Ya dentro la vida era una fiesta, a la que siguieron algunas circunstancias que no son menores. De pronto apareció una periodista local que, además, resultaba ser parte de la policía del país. Venía de la mano de otro periodista, en este caso español, que luego se quedaría con ella y con nosotros en lo que quedaba de noche. Días después aquel compañero nuestro fue expulsado de Cuba y la periodista que quizá no lo era (luego lo fue, ya exiliada en Madrid ella misma) fue puesta en lo más alto del escalafón de su trabajo militar o casi.

Fueron tiempos raros, tristes, la tierra de Guillermo Cabrera Infante, que tanto y tan bien contó la alegría y luego la tristeza de su lugar de nacimiento, no era en absoluto el territorio de Tres tristes tigres, pero era triste verla así, igual que ahora da rabia verla pobre y desgraciada, pero cantando.

La recuerdo en aquel entonces, y la recuerdo siempre. Y la amo. Ahora he leído lo que dice Marco Rubio, el ministro que tiene Trump para vigilar desde Washington a los cubanos de dentro, sobre el porvenir de Cuba, país sometido a los que mandan desde fuera. Cuba es, dice Rubio (que de allí proviene, como sus padres), un estado fallido; tendrá que cambiar de régimen; se ha dedicado toda su vida (dice él) “a patrocinar territorios radicales de izquierdas”, “ha patrocinado el terrorismo”; “no es como Venezuela”, “no tiene Gobierno sino entelequias”, y siempre tendrá, eso parece, “una crisis humanitaria” si no cambian de régimen…

He leído recientemente, de nuevo, una entrevista que le hice a Gabriel García Márquez aquella vez que volví de Cuba, y para siempre.

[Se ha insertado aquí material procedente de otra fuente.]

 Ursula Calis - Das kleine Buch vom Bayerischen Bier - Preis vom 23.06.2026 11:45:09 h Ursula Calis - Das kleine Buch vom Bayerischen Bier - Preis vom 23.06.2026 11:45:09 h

Me dijo Gabo en aquel entonces, con la parsimonia que le daba la tristeza: “Lo primero que tiene que lograr Cuba es que Estados Unidos suspenda el bloqueo. En ese momento desaparecerá un condicionamiento absolutamente excepcional que ha durado treinta años y que nos impide saber cómo sería Cuba y cómo puede ser Cuba. Mientras ese condicionador exista, Cuba será un fenómeno completamente anómalo que prácticamente no se puede mover: tiene una camisa de fuerza”.

Esa camisa de fuerza la lleva ahora Marco Rubio, para usarla cuando le venga en gana. La lleva él, la llevan otros, siempre dándole lecciones al país alegre que desde hace tanto tiempo es un país tan triste.